▶ [EXERCISE AIM] Only the text belongs in the copy: retype each record exactly as it appears.

▶ [DATASET CONTENT]
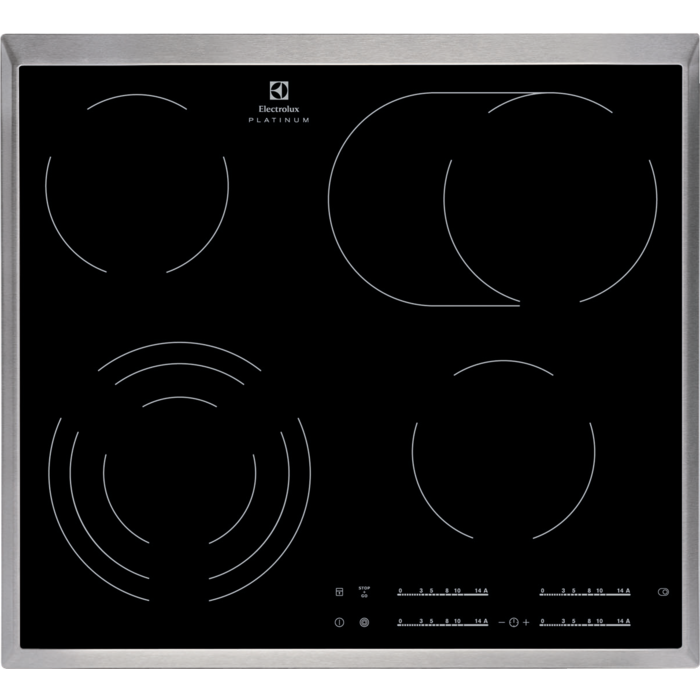 Electrolux - Электрическая - EHF96547XK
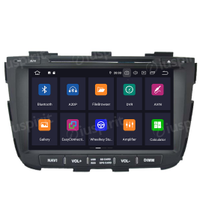 ANDROID autoradio 2 DIN navigatore Kia Sorento GPS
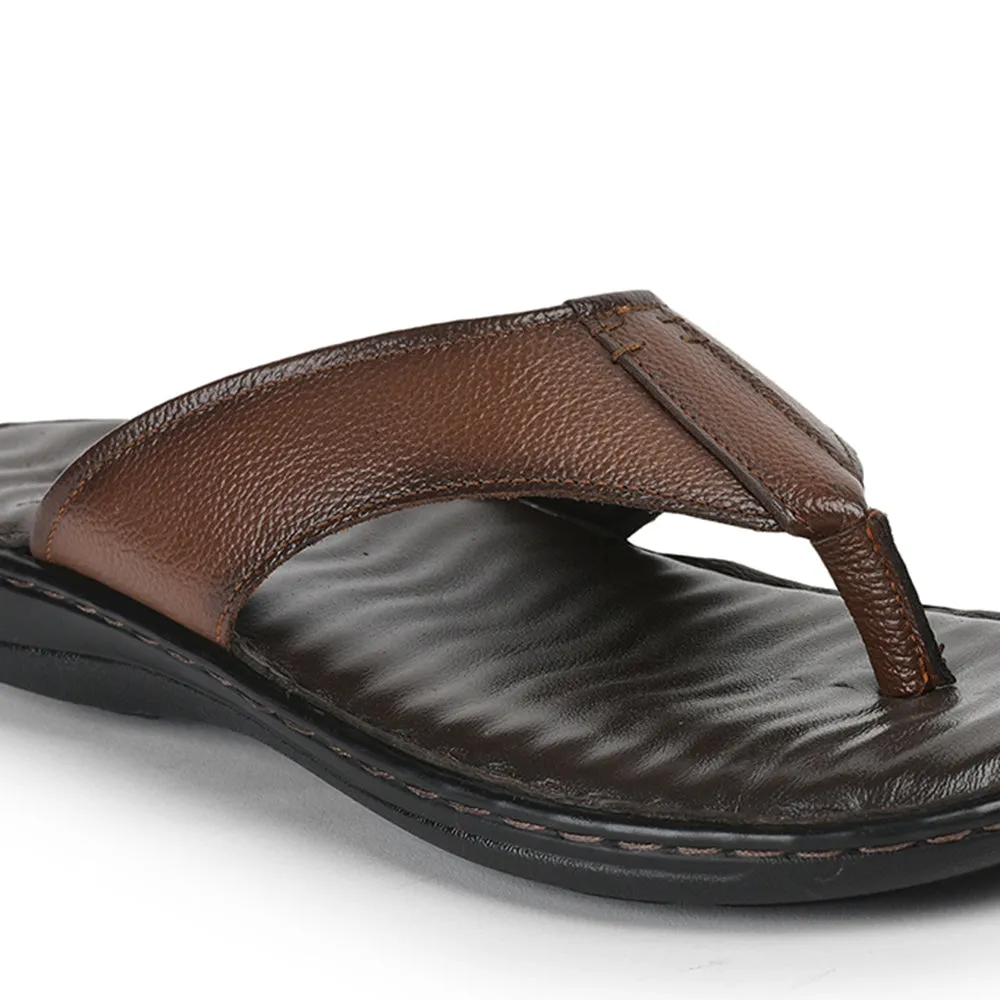 Coolers By Liberty Men HOL-128E Pantoufle décontractée beige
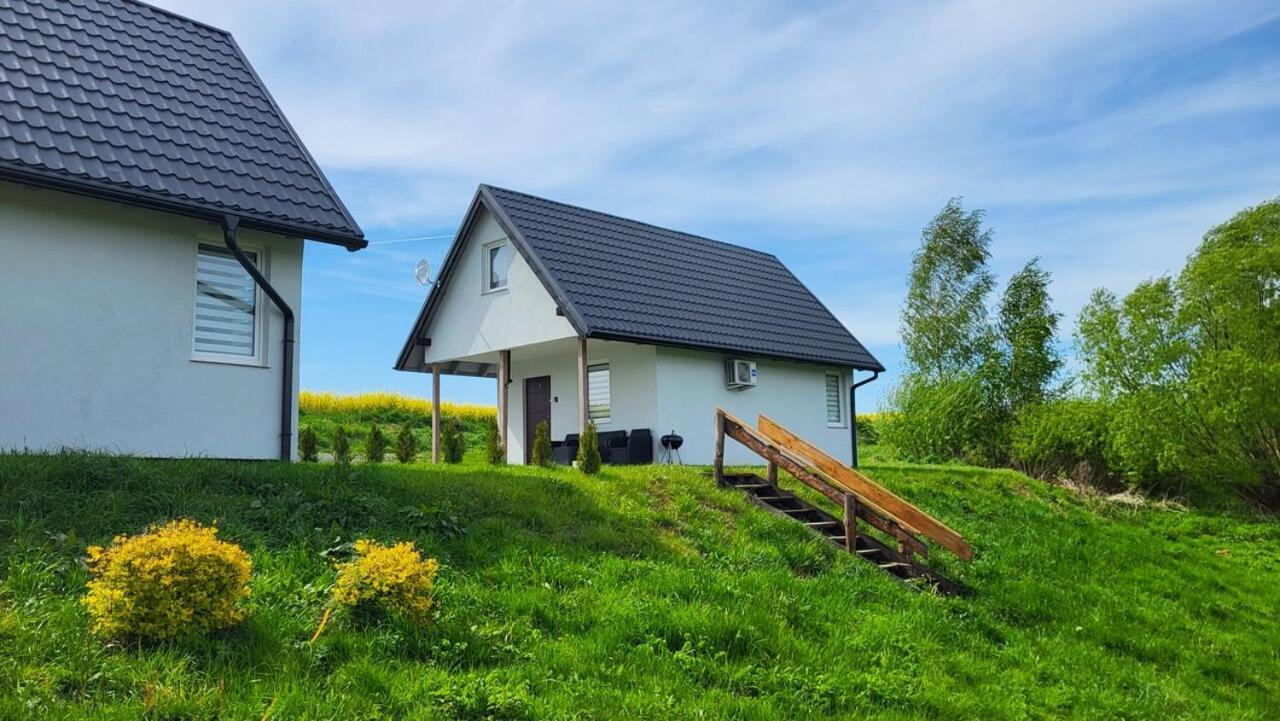 Domki Brzezowka Nad Stawami Клодзко Экстерьер фото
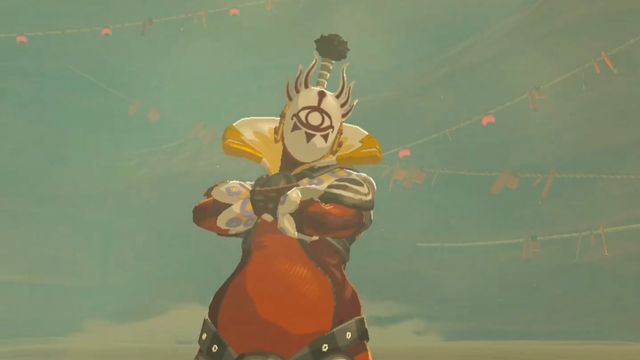 《塞爾達傳說：曠野之息》塞爾達可蓋大人三分之一血之後不掉血了怎麼辦？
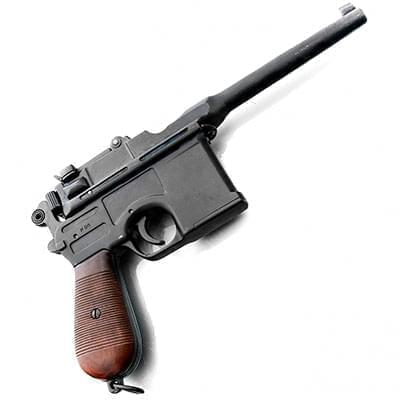 Модели оружия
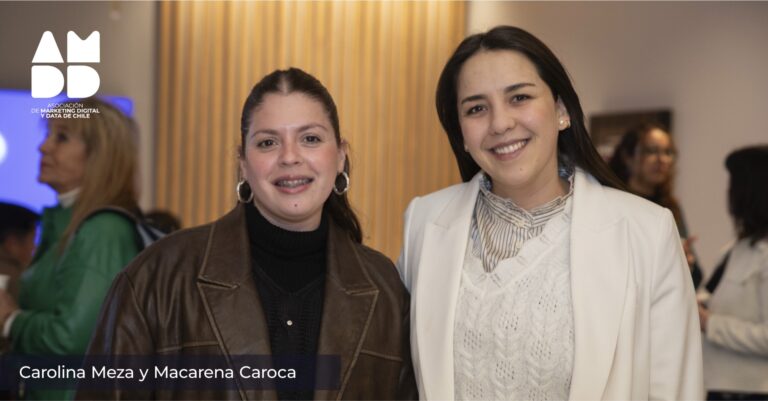 Asistentes al encuentro Marketeros: juntos hacia una nueva cultura de datos, 13 de agosto de 2026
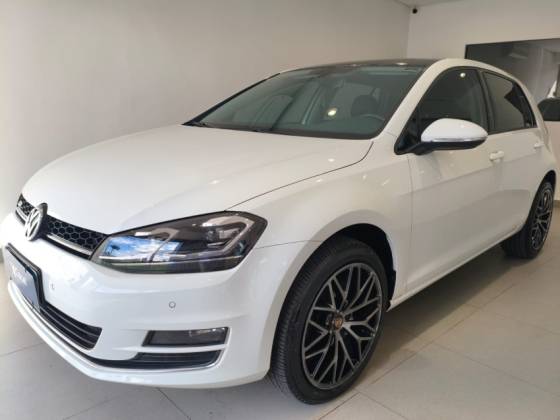VOLKSWAGEN GOLF 1.4 TSI HIGHLINE 16V TOTAL FLEX 4P TIPTRONIC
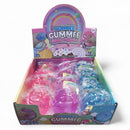 Sugar Squish Gummee Cupcakes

▶ [ANSWER AREA]
 Electrolux - Электрическая - EHF96547XK
 ANDROID autoradio 2 DIN navigatore Kia Sorento GPS
 Coolers By Liberty Men HOL-128E Pantoufle décontractée beige
 Domki Brzezowka Nad Stawami Клодзко Экстерьер фото
 《塞爾達傳說：曠野之息》塞爾達可蓋大人三分之一血之後不掉血了怎麼辦？
 Модели оружия
 Asistentes al encuentro Marketeros: juntos hacia una nueva cultura de datos, 13 de agosto de 2026
VOLKSWAGEN GOLF 1.4 TSI HIGHLINE 16V TOTAL FLEX 4P TIPTRONIC
 Sugar Squish Gummee Cupcakes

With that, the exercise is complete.